### Exercise directions
Everything in the entries below must be output exactly, apart from the pictures.

### Data supplied
# # # # #

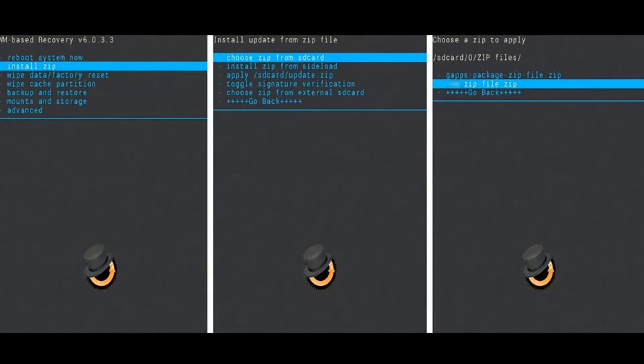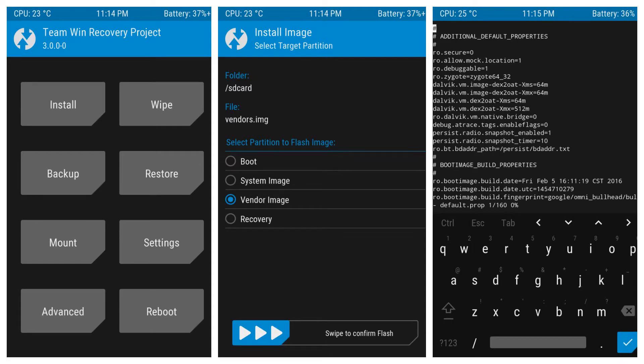Custom recoveries are the advanced version of recovery. Two very popular custom recoveries are CWM (ClockworkMod) and TWRP (Team Win Recovery Project). Custom recovery is required for installing any custom ROM. You can also do backup and restore, which is a great feature. TWRP is touch-enabled, making custom recoveries a much better version of the stock recovery.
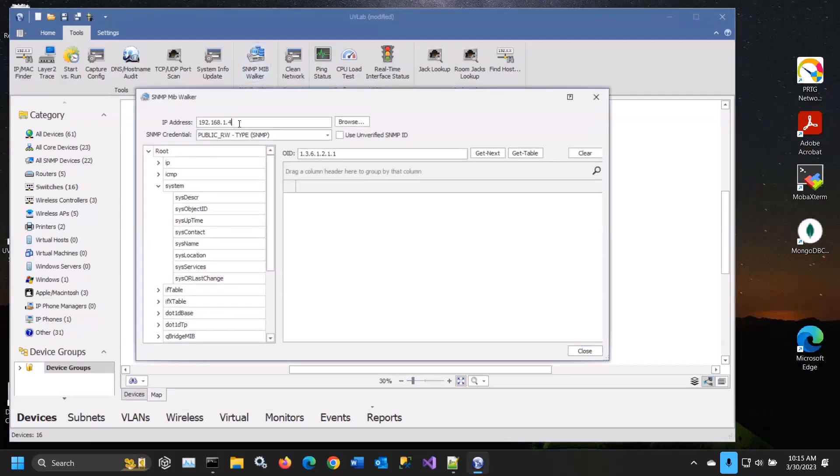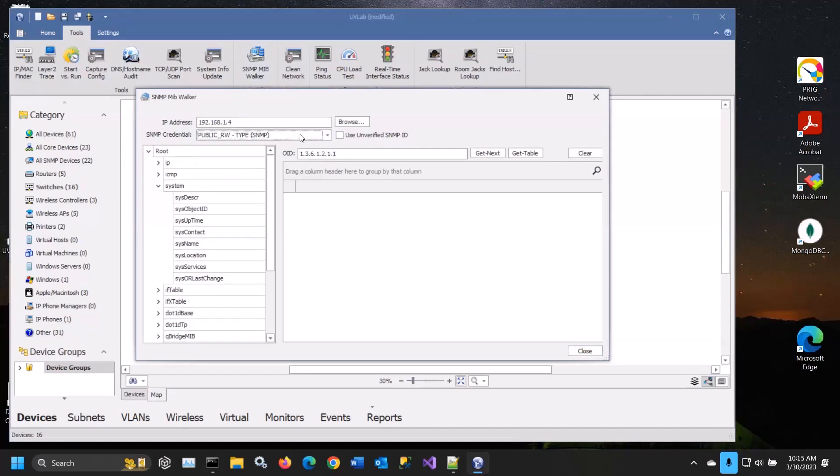You can set up any IP address, pick any credential that you have set, and test those devices.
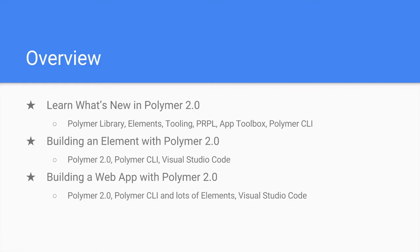The first bundle will be about what's new in Polymer 2.0. Inside it, we will check out the Polymer library, elements, tooling, the PRPL pattern, the app toolbox, and most importantly the Polymer CLI.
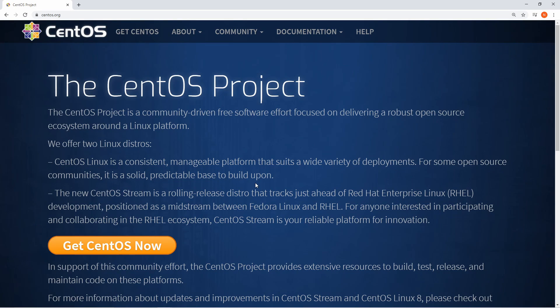Hey savvy people, it's Savvy Nick here and today we'll be going through how to install the latest release of CentOS 8.1.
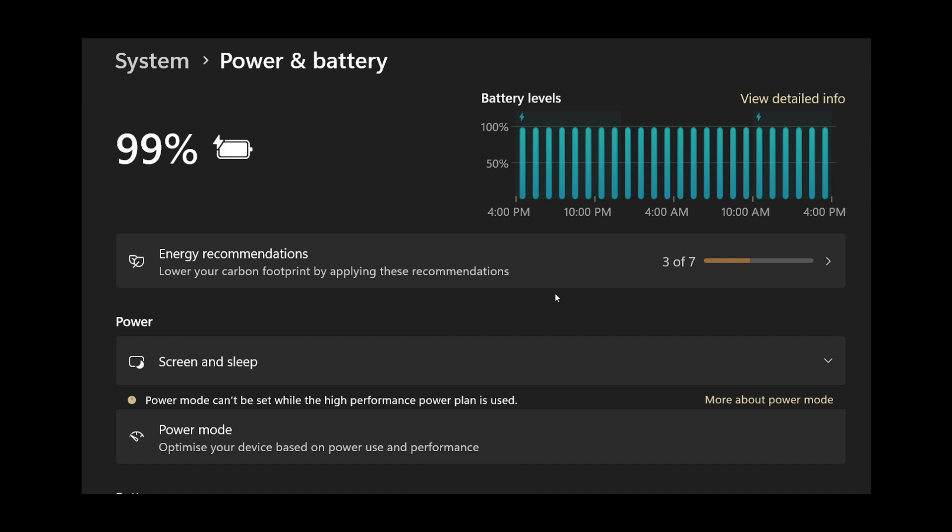Now, battery will still drain because lithium-ion batteries do lose a little bit of power every day, but it won't drain as fast as if you are using fast boot and your PC is still taking a little bit of that power.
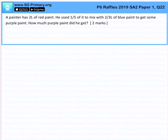A painter has 2 liters of red paint. He used 1 fifth of it to mix with 2 thirds liters of blue paint to get some purple paint. How much purple paint did he get?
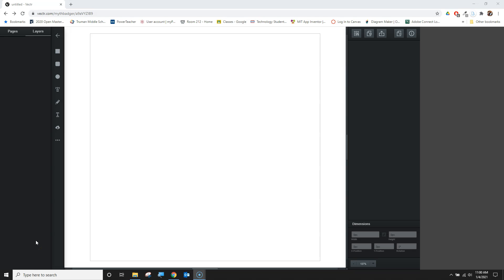Welcome back to another edition of MythBadger videos. We're back at Vector.com and we're going to explore a workflow from start to finish, focusing on how to export files when we're done.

# # # # #

### Response box
Custom recoveries are the advanced version of recovery. Two very popular custom recoveries are CWM (ClockworkMod) and TWRP (Team Win Recovery Project). Custom recovery is required for installing any custom ROM. You can also do backup and restore, which is a great feature. TWRP is touch-enabled, making custom recoveries a much better version of the stock recovery.
You can set up any IP address, pick any credential that you have set, and test those devices.
The first bundle will be about what's new in Polymer 2.0. Inside it, we will check out the Polymer library, elements, tooling, the PRPL pattern, the app toolbox, and most importantly the Polymer CLI.
Hey savvy people, it's Savvy Nick here and today we'll be going through how to install the latest release of CentOS 8.1.
Now, battery will still drain because lithium-ion batteries do lose a little bit of power every day, but it won't drain as fast as if you are using fast boot and your PC is still taking a little bit of that power.
A painter has 2 liters of red paint. He used 1 fifth of it to mix with 2 thirds liters of blue paint to get some purple paint. How much purple paint did he get?
Welcome back to another edition of MythBadger videos. We're back at Vector.com and we're going to explore a workflow from start to finish, focusing on how to export files when we're done.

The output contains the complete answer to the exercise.